* Work instruction
Would you repeat the data below exactly, taking out the images?
*** Opening of Exercise data ***
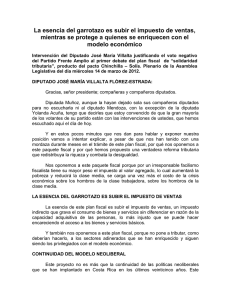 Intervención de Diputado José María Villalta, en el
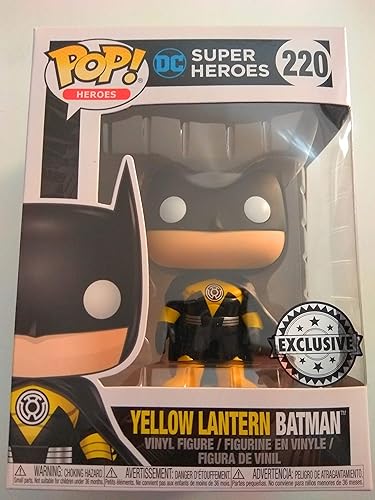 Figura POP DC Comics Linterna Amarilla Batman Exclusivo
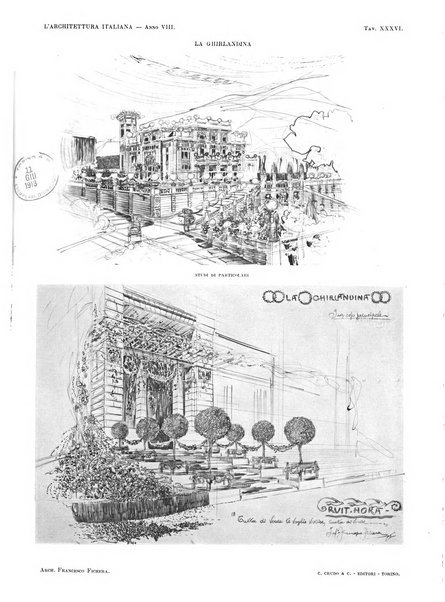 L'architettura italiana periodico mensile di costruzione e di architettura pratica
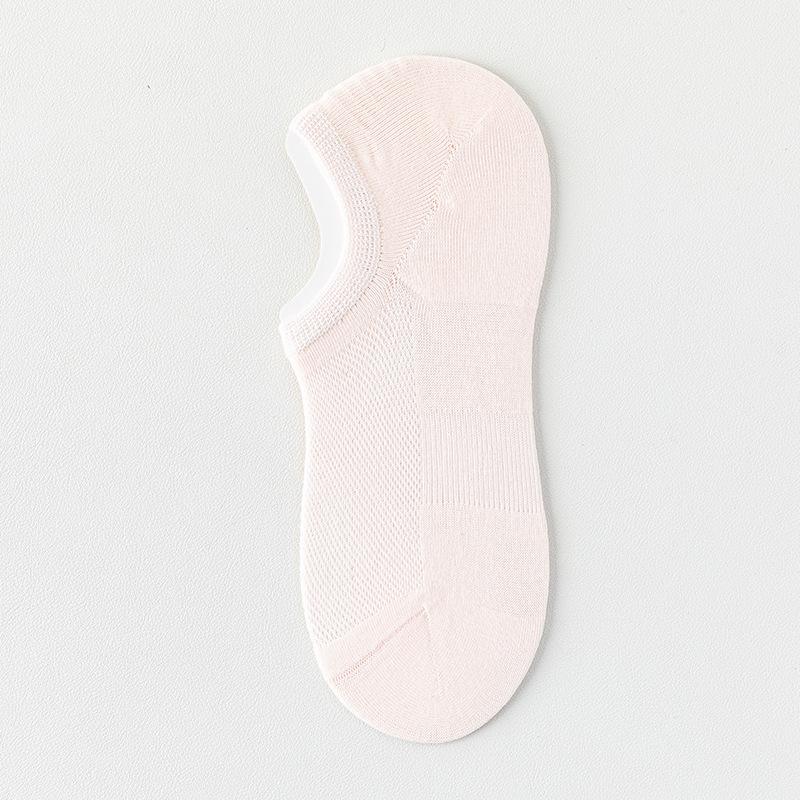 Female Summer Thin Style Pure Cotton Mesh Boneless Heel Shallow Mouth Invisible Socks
*** Close of Exercise data ***
* Result of the exercise
 Intervención de Diputado José María Villalta, en el
 Figura POP DC Comics Linterna Amarilla Batman Exclusivo
 L'architettura italiana periodico mensile di costruzione e di architettura pratica
 Female Summer Thin Style Pure Cotton Mesh Boneless Heel Shallow Mouth Invisible Socks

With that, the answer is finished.